Question

Three district points A, B and C with p.v.s. and $\overrightarrow{a},\overrightarrow{b}$ and $\overrightarrow{c}$ respectively are collinear if there exist non-zero scalars x, y, z such that

• A. $x\overrightarrow{a}+y\overrightarrow{b}+z\overrightarrow{c}=0$ and $x+y+z=0$
• B. $x\overrightarrow{a}+y\overrightarrow{b}+z\overrightarrow{c}$ and $x+y+z\ne 0$
• C. $x\overrightarrow{a}+y\overrightarrow{b}+z\overrightarrow{c}\ne 0$ and $x+y+z=0$
• D. $x\overrightarrow{a}+y\overrightarrow{b}+z\overrightarrow{c}=3$ and $x+y+z\ne 0$

Answer 1

The correct option is A $x\overrightarrow{a}+y\overrightarrow{b}+z\overrightarrow{c}=0$ and $x+y+z=0$

If three points are collinear, we can see that as one point dividing the line joining the other two points either internally or externally in some ratio.
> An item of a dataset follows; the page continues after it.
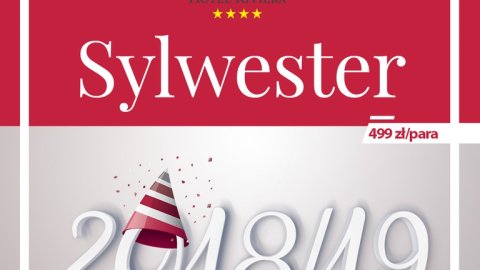 Sylwester 2018/19 w Hotelu Riviera - Sylwestrowo.pl Sylwester 2018/19 w Hotelu Riviera - Sylwester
So, $x\overrightarrow{a}+y\overrightarrow{b}=(x+y)\overrightarrow{c}$ when $\overrightarrow{c}$ divides the line joining $\overline{a}$ and $\overline{b}$ in the ratio $y:x$

This can also be written as $x\overrightarrow{a}+y\overrightarrow{b}-(x+y)\overrightarrow{c}=0$

If $z=-(x+y)$, we get $x+y+z=0$ and $x\overrightarrow{a}+y\overrightarrow{b}+z\overrightarrow{c}=0$